A data breach is not always a hack. A spreadsheet sent to the wrong vendor, an old employee still having CRM access, a public Google Drive link, a lost laptop or a WhatsApp forward with client documents can also create a serious data incident.
DPDP readiness should include a breach response file. Do not wait for an incident to decide who will check logs, who will call the vendor and who will review reporting duties.
What counts as a data breach risk?
Use a broad internal definition for response planning. If personal data may have been accessed, shared, altered, lost, exposed or used without proper authority, treat it as an incident until checked.
- customer list sent to the wrong email;
- CRM access left active after employee exit;
- public folder link containing KYC or documents;
- vendor account compromise;
- laptop or phone lost with personal data;
- malware or ransomware affecting records;
- wrong WhatsApp group receiving customer documents;
- app or website database exposure.
Flowchart: first 24 hours after a suspected breach
Incident noticed
↓
Record time, source and affected system
↓
Stop further exposure if possible
↓
Inform internal breach owner
↓
Identify affected personal data and users
↓
Check vendor / IT logs / access records
↓
Review DPDP reporting duties from latest official rules
↓
Prepare notice, mitigation and evidence file
First response checklist
- Do not delete evidence. Keep screenshots, emails, logs and timestamps.

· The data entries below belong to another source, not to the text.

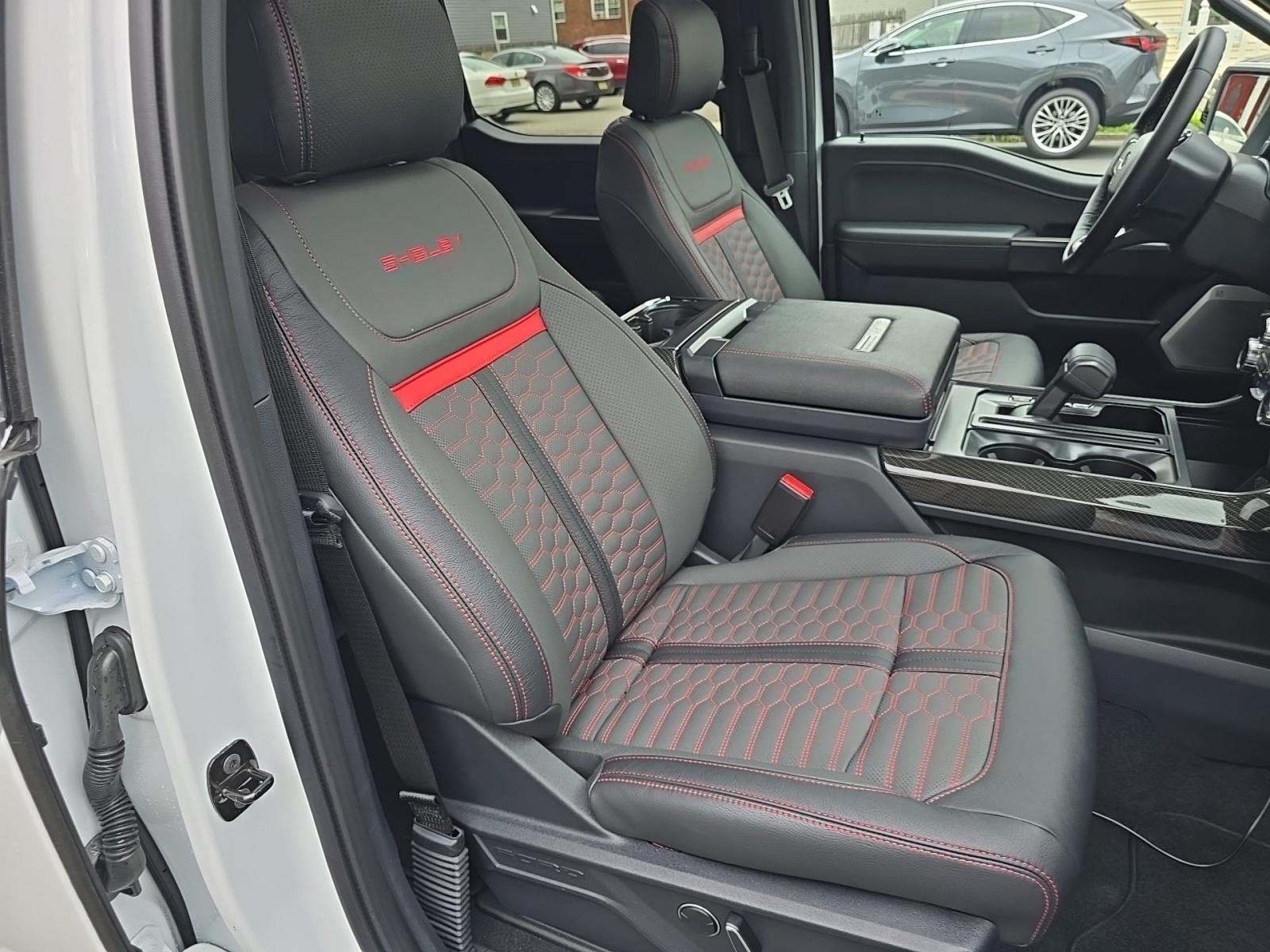 2025 Ford F-150 Lariat AWD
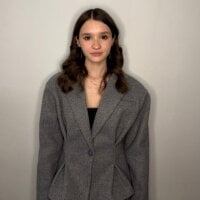 ElliPulfordのアバター写真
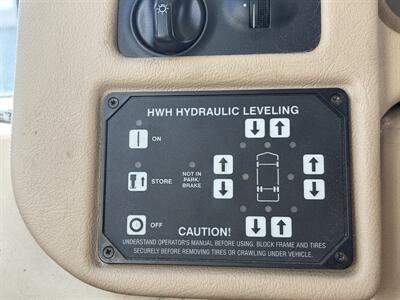 2003 Winnebago Adventurer 33V   - Photo 14 - Oregon City, OR 97045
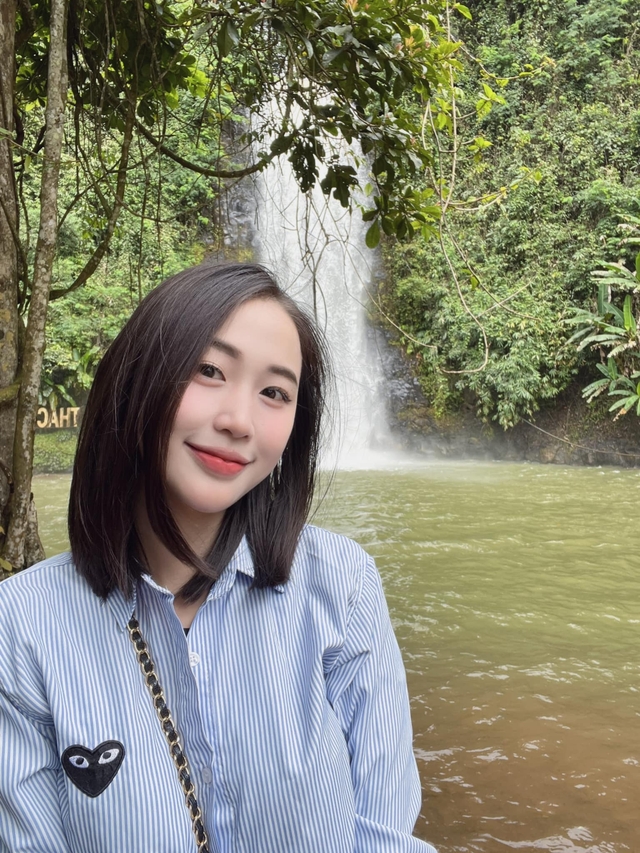 Nữ phi công đầu tiên ở Việt Nam lái dòng máy bay phản lực: Xinh như Hoa hậu, 23 tuổi đã là cơ phó- Ảnh 7. Nữ phi công đầu tiên ở Việt Nam lái dòng máy bay phản lực: Xinh như Hoa hậu, 23 tuổi đã là cơ phó- Ảnh 7.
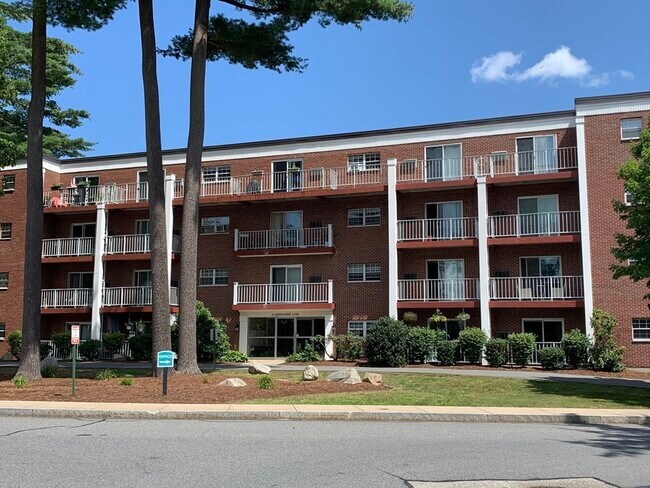 property at 25 Greentree Ln
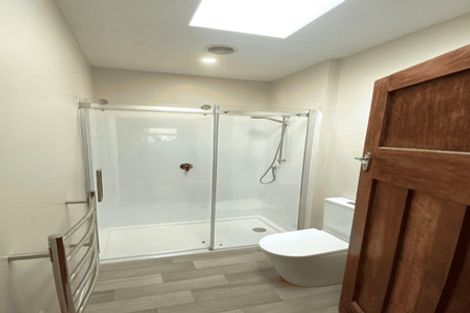 Photo of property in 5 Lonsdale Crescent, Rongotai, Wellington, 6022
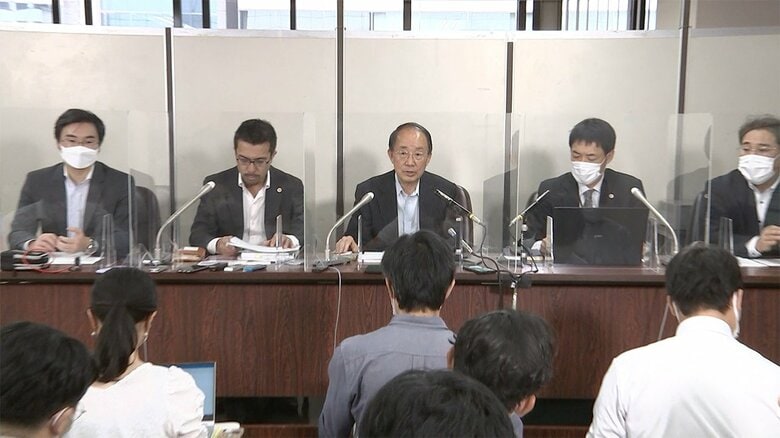 記者会見を行う全国霊感商法対策弁護士連絡会のメンバー（午後1時半 東京･千代田区）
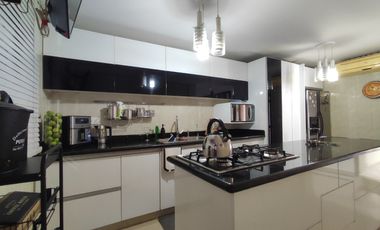 casa en venta en la floresta. Cod V20064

- Stop the leak. Disable link, revoke access, reset password, remove wrong recipient or pause affected tool.
- Identify data type. Was it name, phone, email, KYC, financial data, health data, employee data or child data?
- Estimate affected persons. One person, one client group, all leads, all employees or unknown?
- Check vendor role. If a vendor system is involved, ask for logs and written incident details.
- Review legal notification duty. Check latest DPDP Rules and official notification position before deciding reporting content and timeline.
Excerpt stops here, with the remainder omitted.